Related subjects →  Tutorial , Change , Greyscale , Example .

Transforming a PDF into greyscale with a list of actions in Enfocus PitStop.

This is a very simple example of how to create an action list in PitStop to understand how the action list "Editor" works. The action list created will change the entire content of a PDF to greyscale (regardless of the original colour mode).

To start, In Acrobat, we open a PDF so that, when changing it, we can see how the new action works.

Warning: This document must have features that allow us to check that the list works all right and it does not do anything we don't want it to do. This step is not essential; it is possible to create an action without any document open, but until we get used to work with PitStop, it is advisable to create actions this way.

The list of actions existing in a systemn with Enfocus PitStop.

We open the PitStop action lists window ("PitStop Pro - Action lists" menu). Then we place the cursor on the "Local" group icon to create the list there.

Creating a new list of actions in a list of actions in Enfocus PitStop.

With the right button of the mouse, we choose the option "New - New" to create a new action from scratch.

The properties of a list of actions in Enfocus PitStop.

In the "Action list name" section, we give it a meaningful name; for example: "Convert everything to greyscale". If we want, we identify the "Author" or the "Company". In the "Action list description" area, we can add a brief resume of what the action does.

Warning: In the case of very basic lists, this may seem unnecessary, but when we have several a lot of similar actions and some of them are complex with slight differences, spending five minutes creating them can save us a lot of time later on.

Next, we expand the left part of the action list "Editor" window to display the side where the available actions are, to choose and add some to the list we are editing.

To add a command to an action list, we look for it in this left part and, once it has been located, we drag it to the centre or double-click on the name (the result is the same).

Placing and changing actions inside a list of actions in Enfocus PitStop.

We must remember that the commands work as a stack: those at the top are executed before those at the bottom. If we want to change the order of execution, we only have to place the cursor over the command in question and click on the up or down icons.

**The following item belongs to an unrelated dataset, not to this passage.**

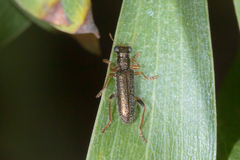 Lemidia subaenea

If we want to delete an order, we place the cursor over its name and click on the delete icon.

Once we have finished or we want just to save whart we have done, we just click on the "OK" button (if we don't do that, all the work done in the list will be lost).

The normal processing order requires that we first select something to then change it. The reason for this is that selections allow us to delimit which elements are affected by a command. In action lists that contain more than one change or check command, it is common to use more than one selection-change/check sequence.

So, in this example, the first thing we will do is to select what we want to change. In fact, in most modern versions, when an action list is created from scratch, the "Select all" command is always included, to avoid inconsistencies.

In this case, as we want to change everything in the PDF, we leave that general selection command.

Selecting an action in a list of actions in Enfocus PitStop.

Next, we look for a change command that allows us to change everything to greyscale colour mode.

Converting color in a list of actions in Enfocus PitStop.

Click on the "Changes" icon (to delimit the available commands) and we look for the "Colour" section. There, we locate the commands that change colour spaces. If we don't know the commands yet, we double click on the name of the most likely candidates to add them to the list. In this case they are "Change colour" and "Convert colour".

When we examine each command, the options for each one (which are shown in the right-hand zone), we  can see that the command that does what we want is "Convert colour", not "Change colour".

Now we delete the unwanted command by clicking over its name and then pressing the "Delete" key or the icon explained above.

Converting color in a list of actions in Enfocus PitStop.

Next we modify the command options to set what those we want. In our case it is converting to greyscale, so we choose "Convert colour to: Grey". We leave the options "Fill colour" and "Stroke colour" ckecked on.

To see what the list does in each case, in the "Log" area, we set it to "Log". This means that PitStop will keep a record of the changes it makes. For the moment, as we are learning, we are interested that this happens always. In a production environtment it might not be the case.

We click "OK" and the order will be saved in our system, available for its use.

A very basic list of actions in Enfocus PitStop.

The next step is to test the list of actions to check wether it does everything we want and nothing we don't (which can happen more easily than it seems until we understand the logic of PitStop).

Selecting a list of actions in Enfocus PitStop to run it.

With a document open (at least in the Pro version of PitStop, the Server one works differently), and the "Action List" window open, we place the cursor over the name of the list of actions we want to execute ("Convert everything to Greyscale"). Then we check that the "Run in" option is set to "Complete document" / "All pages". We check as well that "Show results" is set to "Always" (so that we see what happens, whatever it is). Now we click "Run".

Running a list of actions in Enfocus PitStop.

If the process takes a while, we will see a progress bar that will disappear when the action has been executed.

The navigator of Enfocus PitStop.

Now, if the action has changed anything, PitStop's "Navigator" will pop up with the information about the changes made and the objects affected.

If we want to see what has changed in a given object, we just click on the name of the object in the browser window and PitStop will highlight it on the screen, adding a brief information about what has been done to it in the "Solution" zone.

If we are satisfied with the results, we have finished our first action list.